Why do we hate soccer?
At 11:53 a.m. on Friday, roughly seven minutes before the start of the world's biggest sporting event, I walked into Buffalo Wild Wings in Boardman. Two giant screens were showing that day's Germany-Costa Rica game, the first in the month-long extravaganza known as the World Cup.
About 30 people were in the restaurant. No one seemed to be watching the game.
A few feet away, three guys in their 30s were sitting at the bar watching baseball highlights on ESPN News. There was a pitcher of beer in front of two of them. I sat down between them and asked, simply, "So, you watching the World Cup?"
"Sorry, I'm a football guy," one of them said.
"No, I'm just here for lunch," another said.
A German fan with a multi-colored mohawk flashed on the screen. Another fan was waving the German flag. Another had his face painted. Tickets for the opener in Munich -- and for pretty much every other match -- had been sold out for months. You want in? Prepare to pay a few thousand bucks.
Over the next month, billions of people will miss work, sit glued to their televisions, devour newspapers, get drunk, get in fights, get drunker, celebrate wins, mourn losses and lose sleep (and hair and money and years off their life span) because of the World Cup.
And we'll ignore it.
Back at the bar, I asked one of the guys why he thinks soccer (or football, or fussball, or futbol) is so popular around the world.
"I think it's because they don't have anything else," he said. "We have all these other sports.

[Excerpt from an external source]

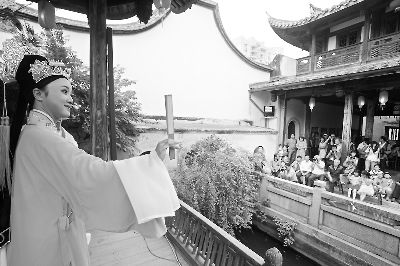 越剧爱好者为观众上演《梁山伯与祝英台》(图)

They just have soccer."
I asked another guy how long he can watch soccer before changing the channel.
"Two minutes," he said.
And what would he say if one of his friends wanted to watch it?
"And there's a football game on?" he asked.
Sure.
"Get out," he said.
This isn't news, of course. England invented soccer. France organized it. Brazil perfected it. And America ... ignores it.
This story will try to explain why.
Different countries,different sports
Recently, New Yorker writer Adam Gopnik contrasted American sports -- which have lots of scoring and action --with the low-scoring, defense-heavy game that dominates the world's sports scene.
"The World Cup is a festival of fate -- man accepting his hard circumstances, the near-certainty of his failure. There is, after all, something familiar about a contest in which nobody wins and nobody pots a goal," he wrote. "Nil-nil is the score of life. This may be where the difficulty lies for Americans, who still look for Eden out there on the ballfield."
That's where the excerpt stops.